The international media failed in large part to give the proper background behind the causes for the outbreak of the war because it wasn’t all that interested in reporting on those growing internal tensions in Lebanon.
THAT WAS a mistake – just like it is to ignore the Bunni case, part of a growing crackdown in Syria on any internal opposition to Assad’s despotic regime, a policy in line with its expanding links to Iran’s radical Islamic leadership and its continued shipping of arms across the Lebanese border to Hizbullah. These crucial developments, which could well be major factors in the next regional conflict, get fairly little play in comparison to what are largely meaningless stories about even the most minor efforts to get Syria and Israel back to the negotiating table. And that’s not just because it’s easier for journalists to report from Jerusalem than from Damascus; it’s also because the international media has developed a mind-set that stories about Syria only count for much if somehow they’re directly connected to stories about Israel. [emphasis added]
That’s a major misconception, one the international press should have learned to discard following the 9/11 attacks. Prior to that, the rise of al-Qaida didn’t get nearly the media attention it should have, barely a fraction of what was devoted to the Israeli-Palestinian conflict. It’s the same with most internal Arab-Islamic issues until they finally impact directly in some way on Israel or the West; indeed, how much serious reportage of Sunni-Shi’ite divisions was there prior to 9/11 and the subsequent American occupation of Iraq? Journalists often realize the importance of these stories and play catch-up on them only after it’s too late – sometimes even for themselves.

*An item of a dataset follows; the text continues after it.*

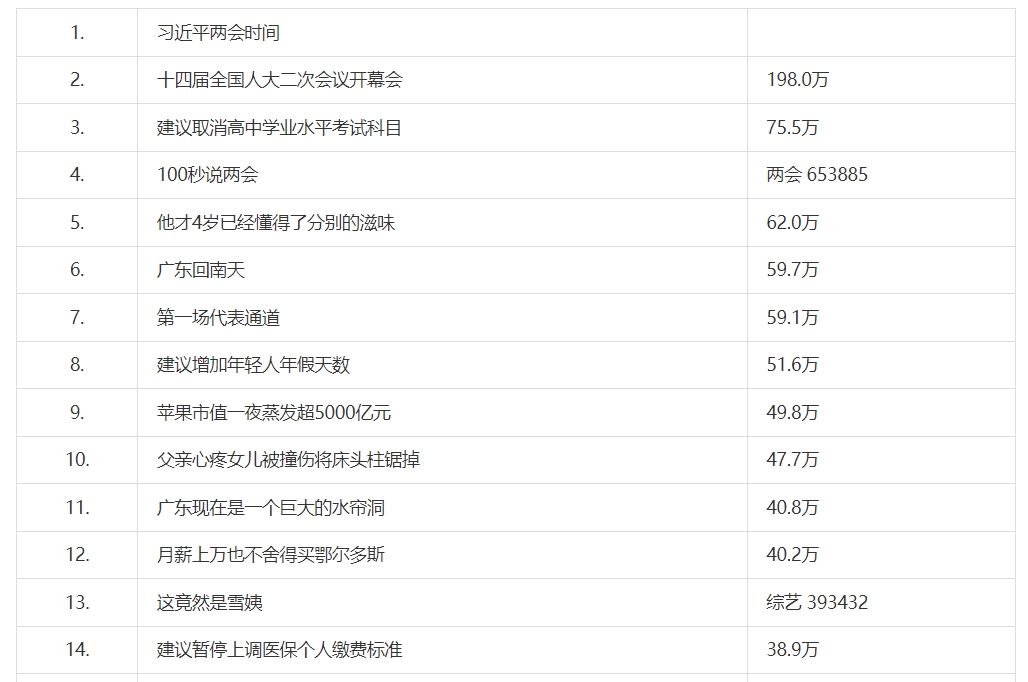 《微博》3月5日热搜榜排行榜最新一览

FOR EXAMPLE, ever hear of the Dagmoush clan? They’re a large Palestinian tribal unit, estimated at 15,000 strong, some of whose members are suspected of conducting criminal operations in Gaza for many years now. Media coverage of their activities has been almost nonexistent. Two months ago, Shin Bet chief Yuval Diskin gave a rare interview to The New York Times about the radicalizing situation in Gaza, noting that “elements of what he called ‘global jihad’ are creating ‘ties’ and ‘connections’ to local Gaza groups, especially to Mumtaz Dagmoush of the powerful Dagmoush clan.”….
Unfortunately, so many other important stories in the region aren’t getting their due attention because of varying degrees of difficulty, disinterest and a disinclination to break from old reporting habits. And it’s only when an Anwar al-Bunni or the Dagmoush clan get the attention they deserve that the public will get a firmer grip on what is really happening in this troubled corner of the world.
Is the MSM giving you the full picture?